Let’s examine the value of feedback – and its ability to make or break a career – from both the employee and the manager’s perspectives.
A productive approach to feedback means being open to receiving it and adjusting your behavior accordingly. This includes both negative and positive feedback, as well as many different types of feedback.
Negative feedback – delivered in a constructive way – is incredibly valuable to employees at all levels. It creates awareness around the actions and behaviors that are negatively impacting those around them and, in turn, an employee’s career. Those who use negative feedback as an opportunity to shift their behavior can speed up their path to promotion.
It’s not just negative feedback that helps employees grow. Positive feedback can be equally beneficial. It can help employees identify the behaviors that make them stand out from their peers in a good way. After all, it’s just as important to understand what you’re doing right alongside what you might be doing wrong.

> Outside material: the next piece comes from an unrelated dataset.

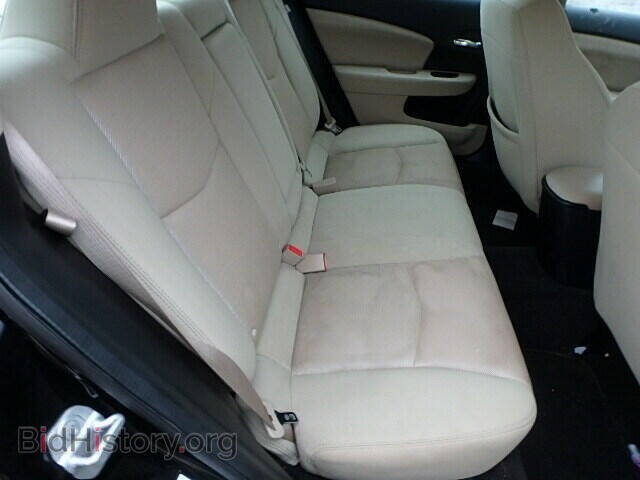 2012 DODGE AVENGER - VIN: 1C3CDZABXCN167547 - Фото 6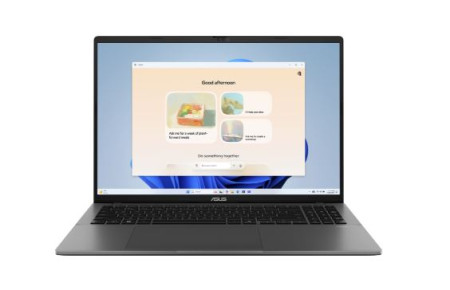 ASUS 16'' M3607HA-RP035 R5 16GB 1TB + Ranac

In addition to embracing both positive and negative feedback, employees should also take advantage of the many different ways to receive it. These can include:
- Coaching, which managers do during check ins and 1:1s, offering in-the-moment constructive criticism, encouragement and praise.
- Mentoring, where individuals can seek advice and direction on their career goals and aspirations.
- 360 feedback, which allows employees to identify what others see as their strengths and weaknesses and collectively see trends.
- Anonymous feedback, a safe, non-threatening way to hear from others in sensitive situations.
- Project retrospectives for instant feedback after a major project ends, so employees can apply any lessons learned immediately.
- Peer-to-peer feedback, which offers employees the chance to see themselves through their co-workers’ eyes and evaluate themselves as a teammate to others in the organization.
Feedback comes in all forms. No matter where you are in your career, whether it’s your first job or you’re an experienced executive, there is always room to grow and opportunities to improve.
Whether you have any direct reports or not, every employee has valuable feedback to give to others in their organization (and plenty of opportunities to do so, based on all the ways listed above). But how exactly does giving great feedback help you succeed?
If you are a manager, you are evaluated on your ability to lead a team. Being good at giving feedback:
- Makes your employees better, which reflects your own abilities as a manager
- Increases your team’s potential and value to the organization
- Highlights your skills as an effective coach
If you are an individual contributor without direct reports, your performance evaluation is based on your own achievements. Being good at giving feedback:
- Demonstrates to your manager that you have leadership potential
- Makes you a better peer and collaborator
- Increases your value to the organization
To better receive feedback:
- Maintain a positive mindset where you can appreciate someone else’s perspective for what it is – a way to help you see how others see you.
- Ask for specific ways to change or adjust your behavior. It’ll help you get even more out of the feedback.
- Set goals for yourself to put the feedback into action. For example, if a manager encourages you to work on your relationships with clients, set a goal to schedule coffee or lunch with a new client each month.
To properly give feedback:
- Come prepared. Think through how you plan to deliver the feedback to ensure you’re specific and constructive.
- Be solution-minded. Telling someone what they do wrong without sharing what they can do to improve can be a waste of everyone’s time – and leave the receiver of the feedback feeling down and unmotivated.
- Find the positive in the negative. The “sandwich” technique is a popular feedback method, where the giver of the feedback starts and ends with compliments and praise and uses the middle of the conversation to deliver the constructive criticism.